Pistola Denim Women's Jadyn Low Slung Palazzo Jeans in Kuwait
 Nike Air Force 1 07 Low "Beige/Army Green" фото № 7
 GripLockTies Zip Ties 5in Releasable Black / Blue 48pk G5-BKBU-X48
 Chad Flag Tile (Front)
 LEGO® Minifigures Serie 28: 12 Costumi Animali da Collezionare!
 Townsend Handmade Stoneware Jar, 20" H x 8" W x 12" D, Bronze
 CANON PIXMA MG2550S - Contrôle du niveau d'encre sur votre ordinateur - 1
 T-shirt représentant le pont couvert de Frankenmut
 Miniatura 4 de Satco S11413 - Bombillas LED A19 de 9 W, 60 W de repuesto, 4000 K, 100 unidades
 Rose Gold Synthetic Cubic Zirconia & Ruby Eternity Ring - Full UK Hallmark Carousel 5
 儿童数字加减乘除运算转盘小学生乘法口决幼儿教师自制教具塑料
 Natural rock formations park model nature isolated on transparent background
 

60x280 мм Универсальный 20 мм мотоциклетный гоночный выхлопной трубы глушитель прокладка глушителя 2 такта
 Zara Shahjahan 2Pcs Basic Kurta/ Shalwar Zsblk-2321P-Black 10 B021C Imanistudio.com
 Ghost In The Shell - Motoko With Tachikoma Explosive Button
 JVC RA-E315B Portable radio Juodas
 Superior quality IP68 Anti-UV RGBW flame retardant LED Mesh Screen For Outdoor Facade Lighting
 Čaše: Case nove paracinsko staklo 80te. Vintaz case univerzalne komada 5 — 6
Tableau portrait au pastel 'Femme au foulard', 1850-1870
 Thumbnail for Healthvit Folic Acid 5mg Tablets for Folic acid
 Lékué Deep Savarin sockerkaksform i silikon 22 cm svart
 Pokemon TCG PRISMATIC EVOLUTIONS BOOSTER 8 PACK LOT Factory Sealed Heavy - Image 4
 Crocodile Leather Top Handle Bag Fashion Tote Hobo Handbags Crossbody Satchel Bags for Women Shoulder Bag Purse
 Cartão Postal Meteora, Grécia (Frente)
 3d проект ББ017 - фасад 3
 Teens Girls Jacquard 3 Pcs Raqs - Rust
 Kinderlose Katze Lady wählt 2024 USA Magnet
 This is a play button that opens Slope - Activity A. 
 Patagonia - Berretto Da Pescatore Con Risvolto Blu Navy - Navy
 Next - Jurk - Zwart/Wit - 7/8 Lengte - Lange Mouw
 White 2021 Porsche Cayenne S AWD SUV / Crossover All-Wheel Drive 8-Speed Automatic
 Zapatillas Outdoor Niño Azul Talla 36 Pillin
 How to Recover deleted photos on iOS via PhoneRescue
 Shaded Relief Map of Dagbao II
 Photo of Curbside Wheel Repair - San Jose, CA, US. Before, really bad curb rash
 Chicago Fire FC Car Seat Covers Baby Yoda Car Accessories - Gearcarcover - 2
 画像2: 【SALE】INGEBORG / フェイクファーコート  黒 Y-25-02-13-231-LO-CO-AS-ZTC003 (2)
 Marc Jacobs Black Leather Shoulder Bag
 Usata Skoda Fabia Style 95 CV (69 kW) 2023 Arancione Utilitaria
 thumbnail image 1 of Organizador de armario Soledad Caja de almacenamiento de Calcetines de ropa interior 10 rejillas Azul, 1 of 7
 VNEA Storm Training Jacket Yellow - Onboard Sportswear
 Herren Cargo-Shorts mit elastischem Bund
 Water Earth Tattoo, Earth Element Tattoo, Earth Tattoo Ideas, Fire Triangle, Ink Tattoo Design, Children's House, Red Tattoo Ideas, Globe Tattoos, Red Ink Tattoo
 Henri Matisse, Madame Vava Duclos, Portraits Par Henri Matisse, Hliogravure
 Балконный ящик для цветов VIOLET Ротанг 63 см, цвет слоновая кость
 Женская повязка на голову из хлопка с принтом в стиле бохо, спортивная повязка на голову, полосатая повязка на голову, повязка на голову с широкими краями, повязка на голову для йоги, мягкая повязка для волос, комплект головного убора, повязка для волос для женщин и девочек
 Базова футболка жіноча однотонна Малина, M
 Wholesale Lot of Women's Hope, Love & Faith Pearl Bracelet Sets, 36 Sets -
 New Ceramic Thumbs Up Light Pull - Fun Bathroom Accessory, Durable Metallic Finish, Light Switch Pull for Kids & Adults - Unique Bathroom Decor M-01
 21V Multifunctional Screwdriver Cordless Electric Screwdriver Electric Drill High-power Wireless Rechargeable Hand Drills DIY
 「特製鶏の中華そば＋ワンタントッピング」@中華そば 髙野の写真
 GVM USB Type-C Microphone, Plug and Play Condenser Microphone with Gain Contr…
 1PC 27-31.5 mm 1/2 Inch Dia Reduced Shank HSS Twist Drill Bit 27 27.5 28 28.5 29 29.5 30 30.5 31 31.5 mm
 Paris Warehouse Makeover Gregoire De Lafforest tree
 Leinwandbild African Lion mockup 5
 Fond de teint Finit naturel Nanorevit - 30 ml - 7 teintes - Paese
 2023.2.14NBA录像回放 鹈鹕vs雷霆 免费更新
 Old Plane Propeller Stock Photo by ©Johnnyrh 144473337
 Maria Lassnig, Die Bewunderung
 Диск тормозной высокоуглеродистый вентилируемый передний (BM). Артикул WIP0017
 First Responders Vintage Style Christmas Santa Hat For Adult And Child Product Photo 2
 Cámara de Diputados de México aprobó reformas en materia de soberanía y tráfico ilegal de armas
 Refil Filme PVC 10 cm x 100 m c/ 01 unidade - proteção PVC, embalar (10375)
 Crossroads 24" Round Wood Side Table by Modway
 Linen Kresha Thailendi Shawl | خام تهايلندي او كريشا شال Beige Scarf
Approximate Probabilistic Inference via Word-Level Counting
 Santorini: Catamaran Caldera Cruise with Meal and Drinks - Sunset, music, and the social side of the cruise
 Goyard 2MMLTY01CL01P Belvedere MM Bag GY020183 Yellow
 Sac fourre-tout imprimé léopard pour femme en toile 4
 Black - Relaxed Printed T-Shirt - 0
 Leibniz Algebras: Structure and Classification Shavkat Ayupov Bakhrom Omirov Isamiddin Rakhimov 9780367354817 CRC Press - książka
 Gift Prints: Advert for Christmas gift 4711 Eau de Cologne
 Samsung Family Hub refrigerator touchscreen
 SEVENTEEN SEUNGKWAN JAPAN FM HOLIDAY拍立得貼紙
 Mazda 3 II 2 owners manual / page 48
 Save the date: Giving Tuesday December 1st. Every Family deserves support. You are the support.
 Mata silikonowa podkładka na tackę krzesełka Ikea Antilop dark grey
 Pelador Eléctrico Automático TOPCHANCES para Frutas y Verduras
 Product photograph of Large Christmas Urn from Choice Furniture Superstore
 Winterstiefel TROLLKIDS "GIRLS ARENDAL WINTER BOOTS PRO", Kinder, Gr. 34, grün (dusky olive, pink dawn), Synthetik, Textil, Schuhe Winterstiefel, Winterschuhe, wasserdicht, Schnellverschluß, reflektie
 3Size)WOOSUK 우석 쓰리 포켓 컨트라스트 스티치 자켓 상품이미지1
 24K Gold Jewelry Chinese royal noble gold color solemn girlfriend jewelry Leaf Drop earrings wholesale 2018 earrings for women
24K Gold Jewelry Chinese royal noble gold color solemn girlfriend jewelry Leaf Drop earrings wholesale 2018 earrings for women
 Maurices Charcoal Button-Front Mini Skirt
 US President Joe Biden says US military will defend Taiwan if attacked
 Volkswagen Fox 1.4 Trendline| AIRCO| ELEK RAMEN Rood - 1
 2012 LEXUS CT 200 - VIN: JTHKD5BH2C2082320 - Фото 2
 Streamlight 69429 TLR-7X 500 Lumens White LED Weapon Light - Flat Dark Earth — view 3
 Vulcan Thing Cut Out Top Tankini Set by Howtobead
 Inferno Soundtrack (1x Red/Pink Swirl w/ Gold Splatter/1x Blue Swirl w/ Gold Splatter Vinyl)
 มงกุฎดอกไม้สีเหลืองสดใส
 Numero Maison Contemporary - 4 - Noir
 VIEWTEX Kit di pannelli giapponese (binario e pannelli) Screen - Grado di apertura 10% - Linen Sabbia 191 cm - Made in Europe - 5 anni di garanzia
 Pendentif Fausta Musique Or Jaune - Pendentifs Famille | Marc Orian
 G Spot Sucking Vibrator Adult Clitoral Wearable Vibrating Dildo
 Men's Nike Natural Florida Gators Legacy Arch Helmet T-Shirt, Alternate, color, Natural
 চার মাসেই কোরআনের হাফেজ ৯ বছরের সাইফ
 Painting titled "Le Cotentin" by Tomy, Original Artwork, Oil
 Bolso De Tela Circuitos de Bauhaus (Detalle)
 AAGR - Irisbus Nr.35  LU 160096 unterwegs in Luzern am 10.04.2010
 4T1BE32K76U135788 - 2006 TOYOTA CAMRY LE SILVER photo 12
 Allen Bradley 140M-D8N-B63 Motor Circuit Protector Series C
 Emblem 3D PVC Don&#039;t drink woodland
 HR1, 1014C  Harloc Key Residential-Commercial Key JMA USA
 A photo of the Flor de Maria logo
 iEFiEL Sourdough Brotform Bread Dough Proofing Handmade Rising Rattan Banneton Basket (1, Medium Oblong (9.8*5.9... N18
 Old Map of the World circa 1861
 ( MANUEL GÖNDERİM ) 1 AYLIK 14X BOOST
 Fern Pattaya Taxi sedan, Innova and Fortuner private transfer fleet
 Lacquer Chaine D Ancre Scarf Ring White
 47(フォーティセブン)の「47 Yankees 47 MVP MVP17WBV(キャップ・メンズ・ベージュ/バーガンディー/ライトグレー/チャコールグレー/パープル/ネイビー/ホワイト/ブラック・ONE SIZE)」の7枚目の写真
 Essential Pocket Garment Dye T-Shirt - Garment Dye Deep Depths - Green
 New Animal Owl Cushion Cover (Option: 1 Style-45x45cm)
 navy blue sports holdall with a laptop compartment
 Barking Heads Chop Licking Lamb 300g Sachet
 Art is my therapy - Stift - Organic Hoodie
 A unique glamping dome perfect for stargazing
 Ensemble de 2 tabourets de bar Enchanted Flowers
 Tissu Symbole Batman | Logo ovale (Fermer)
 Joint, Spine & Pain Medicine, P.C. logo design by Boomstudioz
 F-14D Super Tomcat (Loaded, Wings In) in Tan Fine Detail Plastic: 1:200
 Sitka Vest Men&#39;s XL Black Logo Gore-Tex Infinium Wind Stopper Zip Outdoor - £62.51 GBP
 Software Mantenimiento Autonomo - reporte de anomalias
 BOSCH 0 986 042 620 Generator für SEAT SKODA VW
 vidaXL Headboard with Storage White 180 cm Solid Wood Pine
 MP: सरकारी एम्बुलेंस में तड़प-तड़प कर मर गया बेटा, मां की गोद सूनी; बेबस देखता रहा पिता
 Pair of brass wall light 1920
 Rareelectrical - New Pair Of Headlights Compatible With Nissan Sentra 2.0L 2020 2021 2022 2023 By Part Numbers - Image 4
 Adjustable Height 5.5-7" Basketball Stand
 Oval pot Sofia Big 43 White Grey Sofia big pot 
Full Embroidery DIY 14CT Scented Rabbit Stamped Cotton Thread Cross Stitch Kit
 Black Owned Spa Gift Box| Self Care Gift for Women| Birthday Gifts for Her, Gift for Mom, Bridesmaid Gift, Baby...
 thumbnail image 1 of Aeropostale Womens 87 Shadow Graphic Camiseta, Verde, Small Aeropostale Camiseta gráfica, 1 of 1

Problem requirements →
Look for the string "Family" in the listing above and copy every line holding it.

Your solution →
 Samsung Family Hub refrigerator touchscreen
 Save the date: Giving Tuesday December 1st. Every Family deserves support. You are the support.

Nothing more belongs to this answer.